Leon Trotsky (Russian: Лeв Давидович Трóцкий) , born Leon Davidovich Bronstein (Russian: Лeв Давидович Бронштéйн) (1879-1940) was a participant with V. I. Lenin in the communist revolution in Russia in 1917. However, he had previously been a member of the Mensheviks, a communist party that had once been aligned with the Bolsheviks. They did not believe in actively pursuing revolution, that it would happen when the people were ready, unlike the Bolsheviks who believed that the people needed to be led. From 1904 until 1917 Trotsky had a stormy relationship with Lenin, with him accusing Lenin of wanting to become a dictator. But the two of them resolved their differences in 1917, and after that point arguably Trotsky was totally loyal to Lenin.

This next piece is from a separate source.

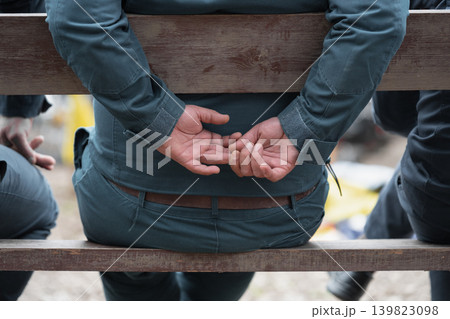 A close-up, back view of a person wearing a grey work uniform or jacket, sitting on a wooden bench. Candid shot of a person observing an event with hands folded behind. A close-up, back view of a person wearing a grey work uniform or jacket, sitting on a wooden bench. Candid shot of a person observing an event with hands folded behind. 139823098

Trotsky was the most powerful orator in the Bolshevik party, and due to his numerous spells in jail and his active role in the failed 1905 revolution he was much more famous than Lenin was to ordinary Russians. He was the actual organizer behind the October Revolution, as Lenin was still in exile and so unable to participate.

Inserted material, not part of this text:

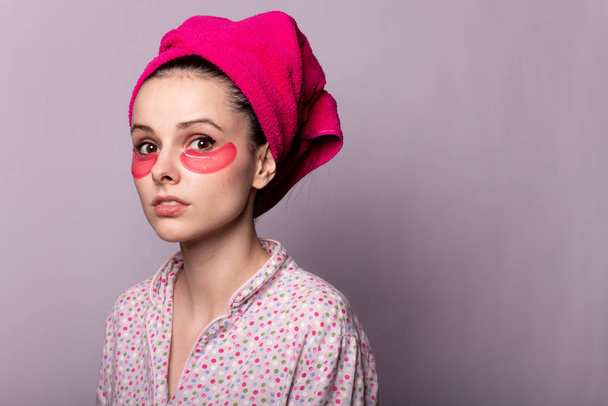 young woman after a shower in a pink towel and patches - Foto, imagen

Trotsky also helped build the Red Army that defeated the White Russian Army in the subsequent Civil War in Russia, despite having no military experience of any kind.

When Lenin died in 1924, a lengthy power struggle began between Trotsky and Stalin. Trotsky took the view that socialism in the Soviet Union must await a revolution in western Europe and even worldwide. Stalin wanted power immediately and offered a rival ideology, Socialism in one country. To fend off accusations of becoming the new 'Napoleon', he gave up his command of the Red Army. However Stalin expelled Trotsky from the Bolshevik party in 1927 and exiled him from Russia in 1929.

Trotsky eventually settled in Mexico in 1937. On August 20, 1940 Soviet agent and Spanish communist Ramón Mercador murdered Trotsky with a ice pick in Trotsky's Mexico City home.

One of Trotsky's famous quotes (which also sums up the Atheism in the Communist Movement) was : "Religions are illogical primitive ignorance. There is nothing as ridiculous and tragic as a religious government."